* Aim of the task
Leave out the pictures and repeat the entries below verbatim.
BEGIN Data extracts
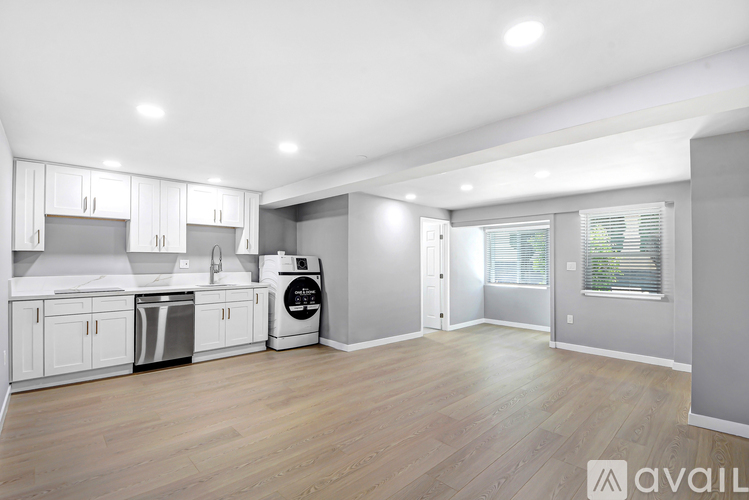 5191 Sapphire St Unit B 1 Single Family Home for Rent - Photo gallery 2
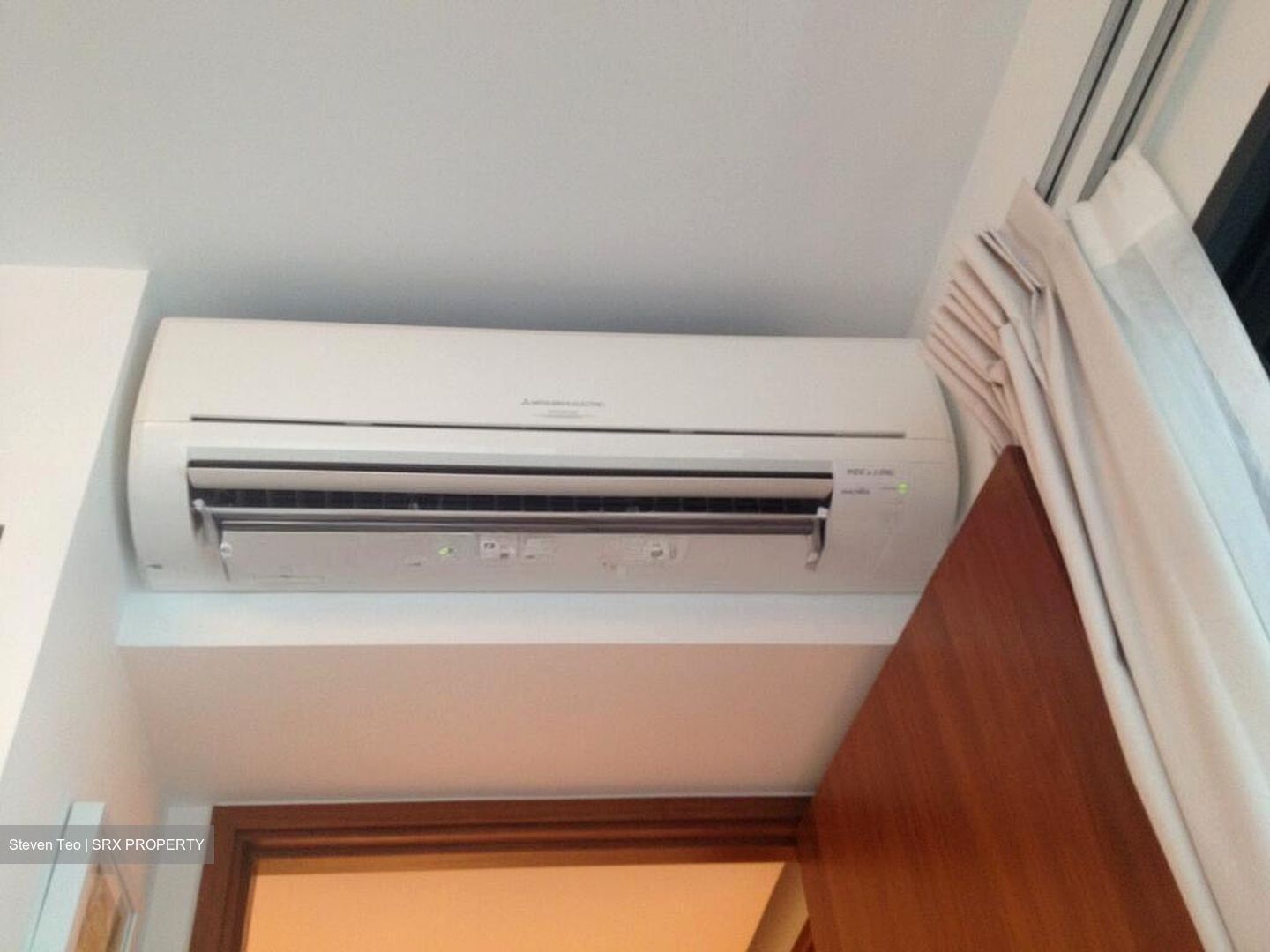 L'Viv (D11), Apartment #500220871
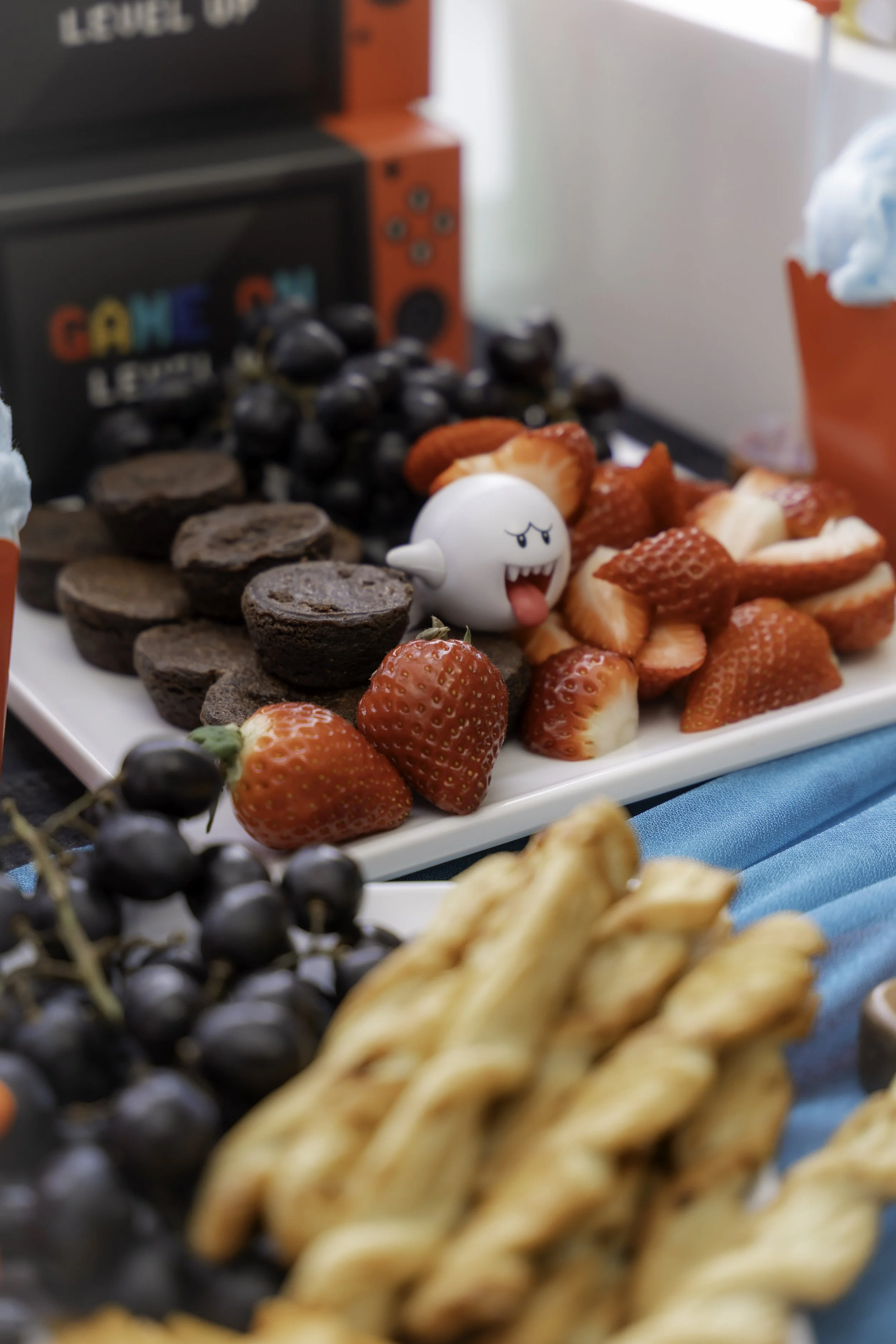 20260216 - Armaan bday-15.jpg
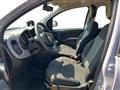 FIAT PANDA III 2021 1.0 firefly hybrid Cross s&s 70cv 5p.ti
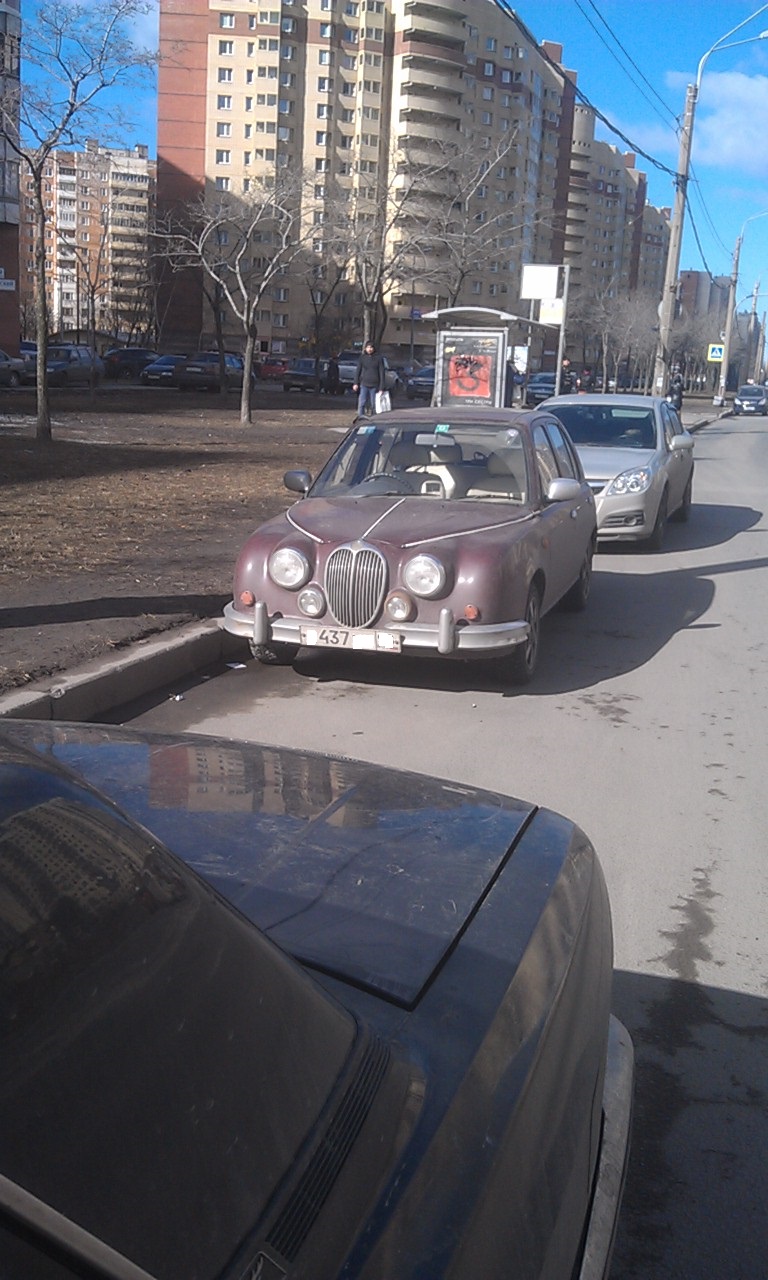 IMAG3342.jpg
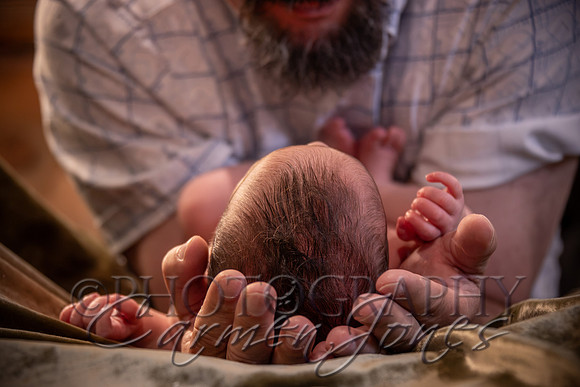 ivy_newborn_IMG_0356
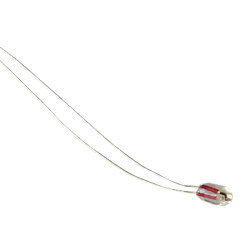 Термистор (терморезистор) для 3D принтера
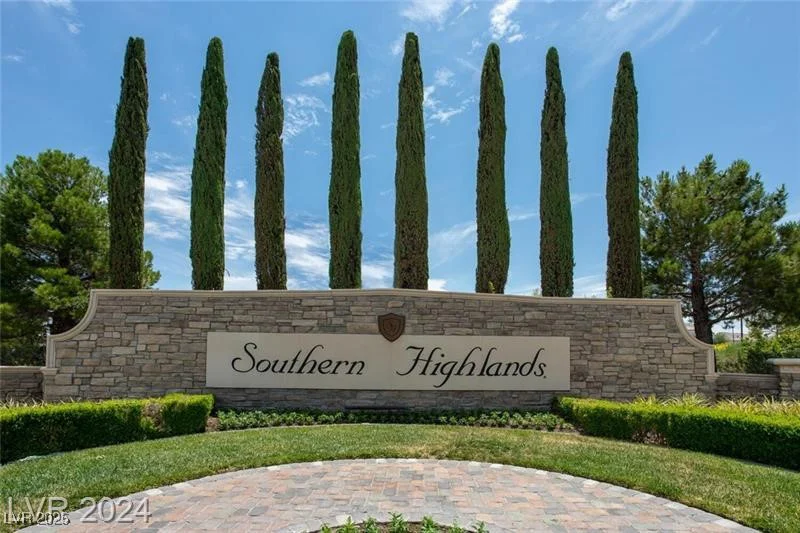 5079 Quiet Falls, Las Vegas, NV 89141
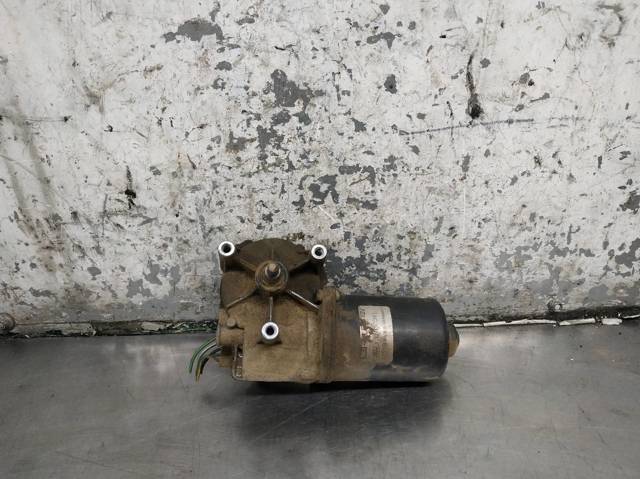 Silniczek wycieraczki szyby przedniej 404523 FORD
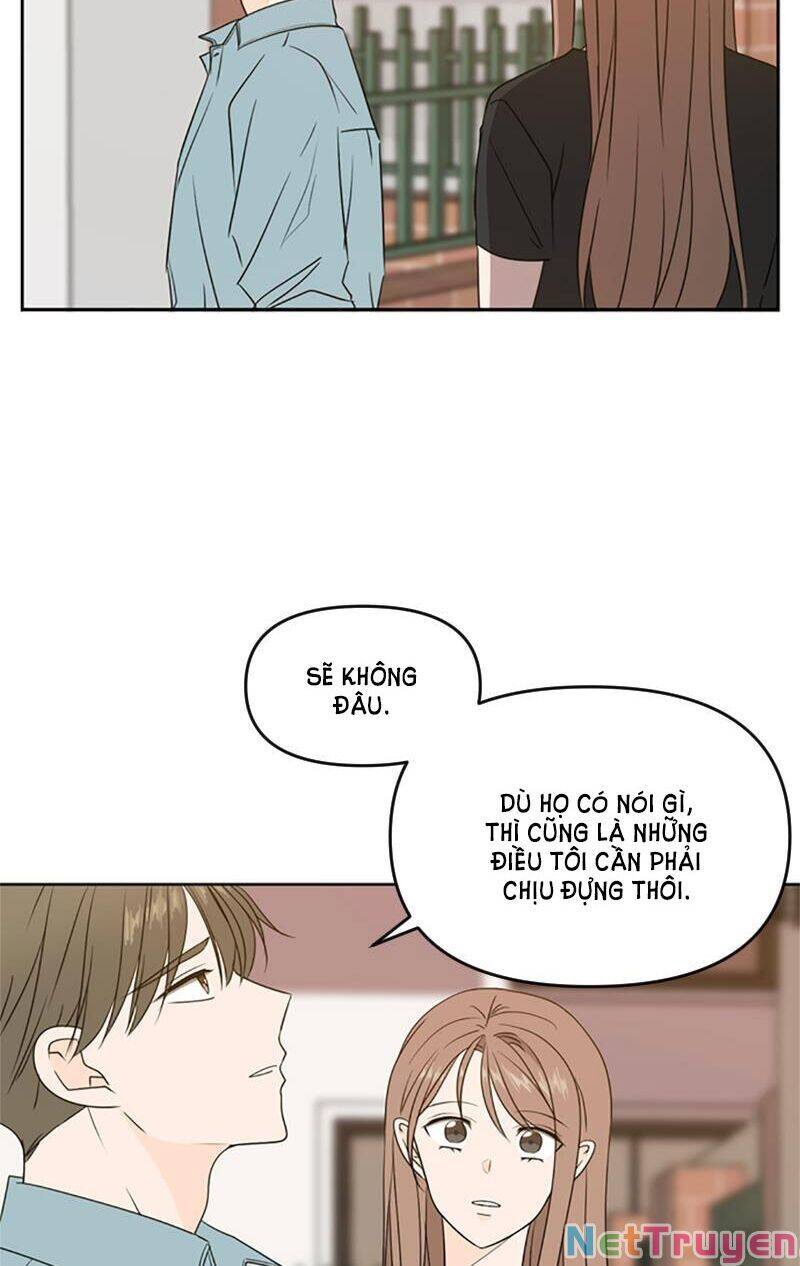 kiếp này cũng xin chăm sóc tôi như vậy nhé kiếp này cũng xin chăm sóc tôi như vậy nhé chapter 75 3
END Data extracts
* Written solution
 5191 Sapphire St Unit B 1 Single Family Home for Rent - Photo gallery 2
 L'Viv (D11), Apartment #500220871
 20260216 - Armaan bday-15.jpg
 FIAT PANDA III 2021 1.0 firefly hybrid Cross s&s 70cv 5p.ti
 IMAG3342.jpg
 ivy_newborn_IMG_0356
 Термистор (терморезистор) для 3D принтера
 5079 Quiet Falls, Las Vegas, NV 89141
 Silniczek wycieraczki szyby przedniej 404523 FORD
 kiếp này cũng xin chăm sóc tôi như vậy nhé kiếp này cũng xin chăm sóc tôi như vậy nhé chapter 75 3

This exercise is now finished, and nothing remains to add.